Weak US economic data to deliver more currency debasement
Local market had a surprisingly positive day despite the negative lead over night from global markets. It was driven mainly by the end of month macro asset allocation trade out of US and into Asian and proxy markets like Australia. It’s a currency trade to take advantage of the rising AUDUSD as USD remains in down trend. US economy is stalling without stimulus as recent housing data confirmed the weak consumer, job and retail data. US Fed is expected to come back to the bond market to keep long yields low and debase USD further. The lack of reform outside tax cuts have left most western economies with structural issues that are coming home to roost. Election mess remains in the way of stimulus negotiations while pandemic continues to break records for the wrong reason.
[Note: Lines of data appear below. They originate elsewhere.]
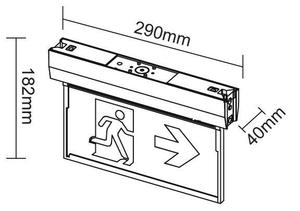 ABS + Acrylic Exit ánh sáng khẩn cấp Cá nhân hoá mô hình tùy chỉnh-khẩn cấp 3-giờ Exit chỉ số ánh sáng - Product Image 4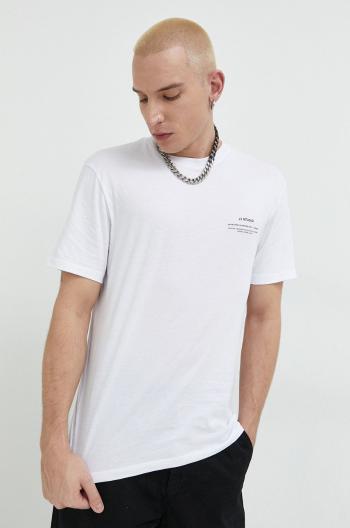 Bavlněné tričko Jack & Jones JJEFELIX bílá barva, s potiskem, 12224600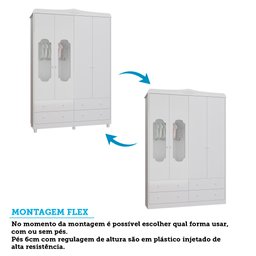 Guarda Roupa de Bebê 4 Portas com Janela e 4 Gavetas Maya Provençal Espresso Móveis - 7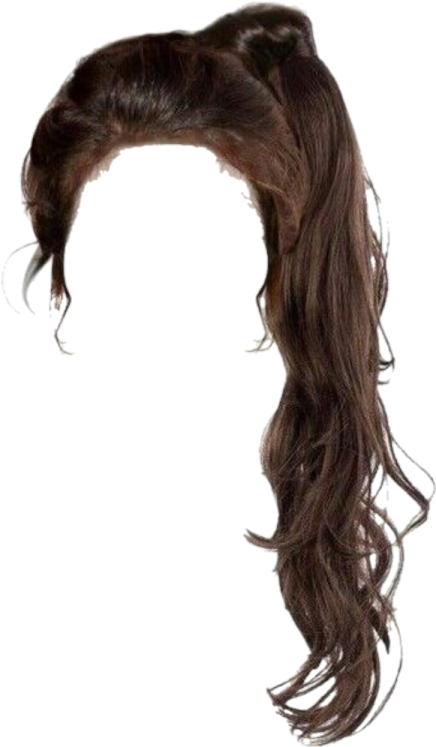 a woman with long brown hair in a ponytail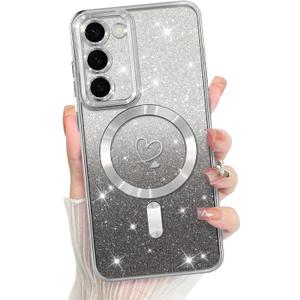 Bonoma Compatible with Samsung Galaxy S23 Plus Case Support for MagSafe, Plating Heart Glitter Magnetic Case TPU Camera Protection Back Cover for Phone Case -Silver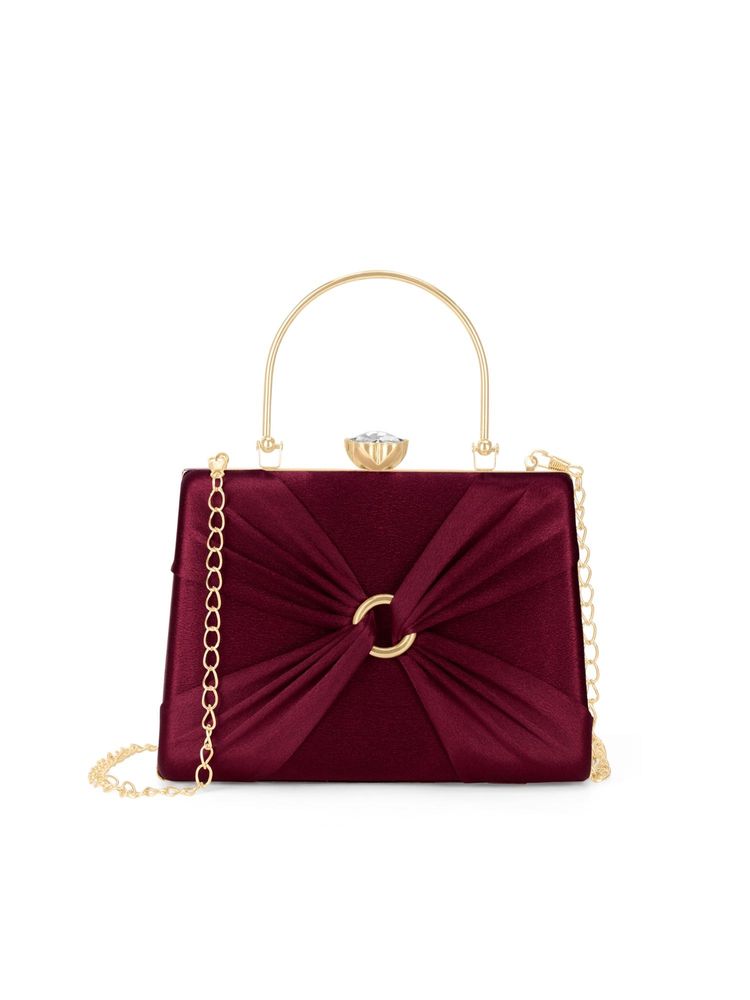 Lavie Womens Misha Handle Frame Clutch With Detachable Strap - Maroon (S)-image-47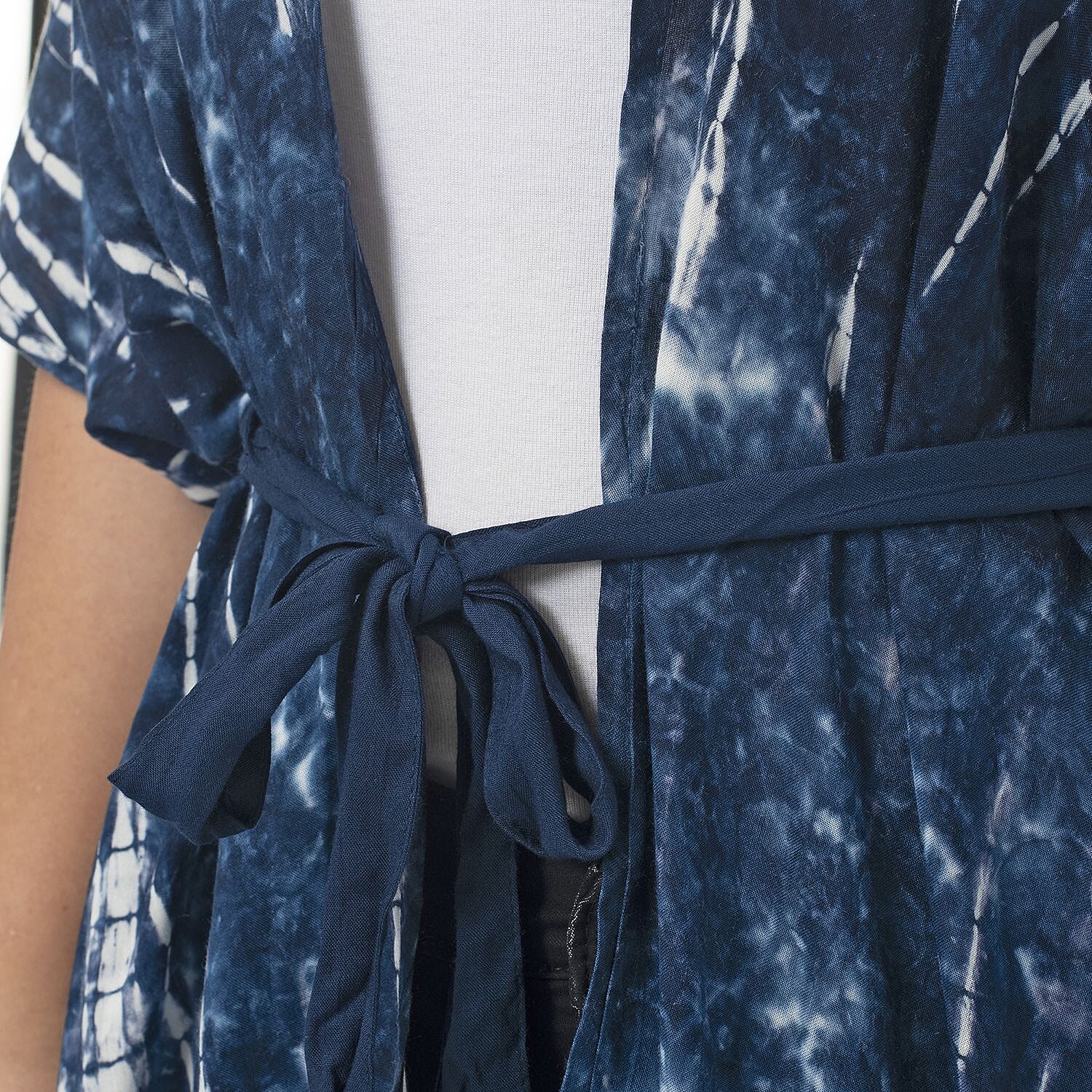 TAMSY 100% Viscose Tie Dye Kimono (One Size ) - Blue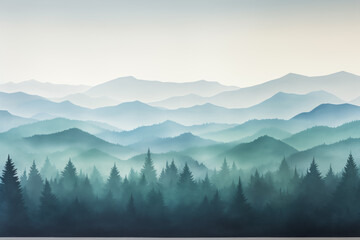 Obraz premium The painting features a misty mountain range with trees in the front. It beautifully portrays a natural landscape with the sky and grassland elements included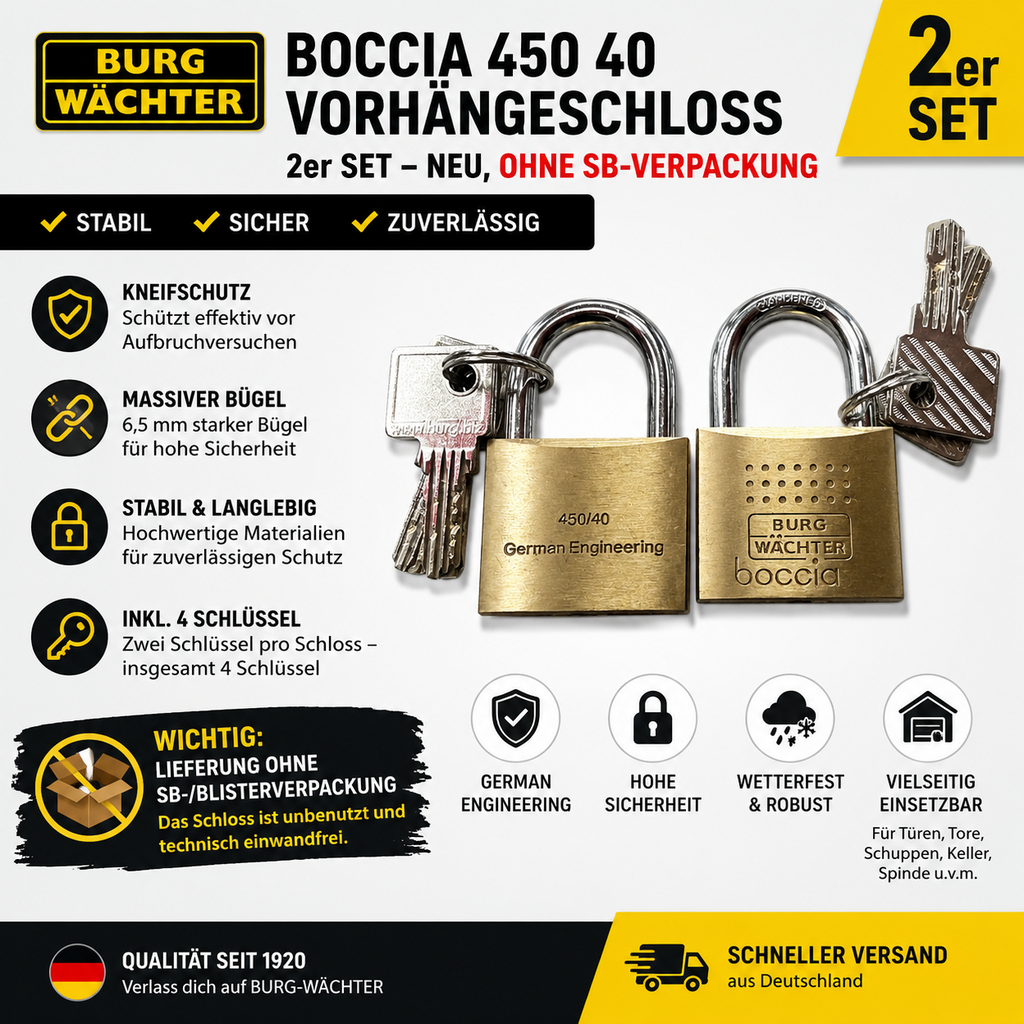 2x BURG-WÄCHTER Boccia 450 40 Vorhängeschloss – Neu ohne Verkaufsverpackung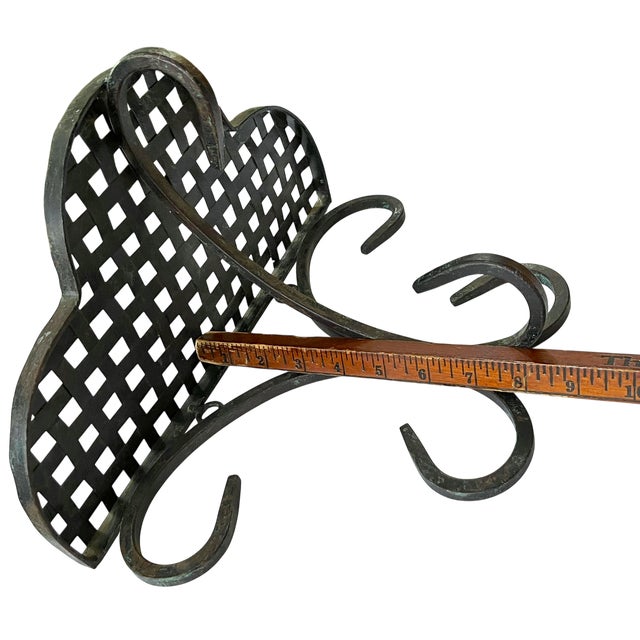 Pair of Antique French Hand-Forged Wrought Iron Wall Shelves Brackets With Scalloped Lattice For Sale - Image 9 of 10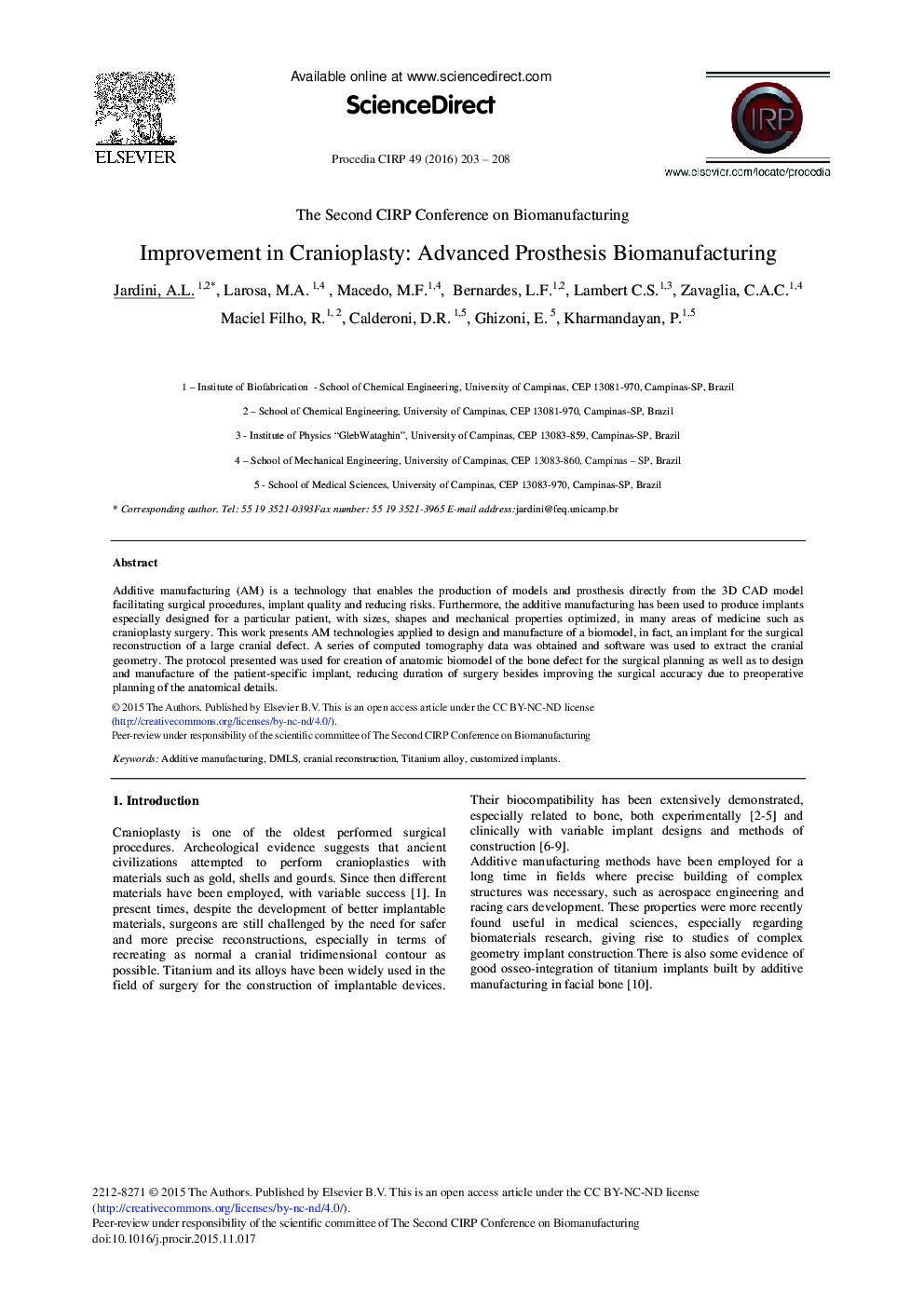 Improvement in Cranioplasty: Advanced Prosthesis Biomanufacturing 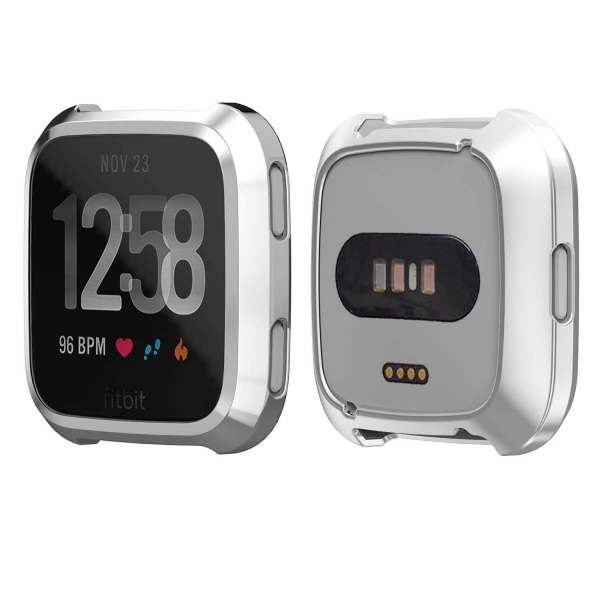 SIRUIBO Fitbit Versa Ekran Koruyucu Bumper Klf-Silver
CDC expects restrictions will come in ahead of the Christmas and New Year holidays after Thanksgiving likely to be a super spreader event.
Geopolitics is being played out in almost every part of the world. Russia tests new nuclear bomb and has a go at Aus. US is about to blacklist more Chinese businesses while in power transition. UK is moving to remove China tech in their communication platforms. Israel is moving into Palestine regions while being implicated by Iran on the attack that killed their senior nuclear scientist. US, Israel and Saudi Arabia are trying to curb Iran ahead of transition. China is taking more steps to curb Australia. Qatar is looking to curb meat deals with Aus. What could go wrong when you are sitting on asset bubbles around the world while economies are still stuck in recession? Don’t worry…Central Banks are about to roll out their money printers and save us all…well there is no plan B!!!
RBA may be on hold but the banks are flagging rates are going lower. That probably explains why the banks are giving deals to borrowers to move to fix rate. Two of the big four were on regulators attack path but market does not care as they feel nothing will come out of it. Historical trend suggests markets are right to ignore regulators like the banks do!!!
US market rolled over overnight into a profit taking risk off day as pandemic woes keep rising. All major regions were red as were all US major indices. Russell was hit the most and NASDAQ fell the least. Bonds were mainly flat and USD higher. Oil and Gold a tick lower while Copper higher. That delivered the best Nov since 1987...no omen! Geopolitics everywhere you look and it's now run by number of countries. China not happy with Australia and they are not being subtle about it. Central Banks need to buy more bonds or reflation risk. Bitcoin is moving again on money printing and we may have seen the low in the Gold pullback after month end asset allocation adjustments. Gold was the best sector with Tech and Health Care are the only green sectors. We may have taken a big bite out of the Santa rally.
Remain nimble, contrarian and cautiously pragmatic with elevated global macro risks!!! Buckle up...it’s going to get bumpy!!!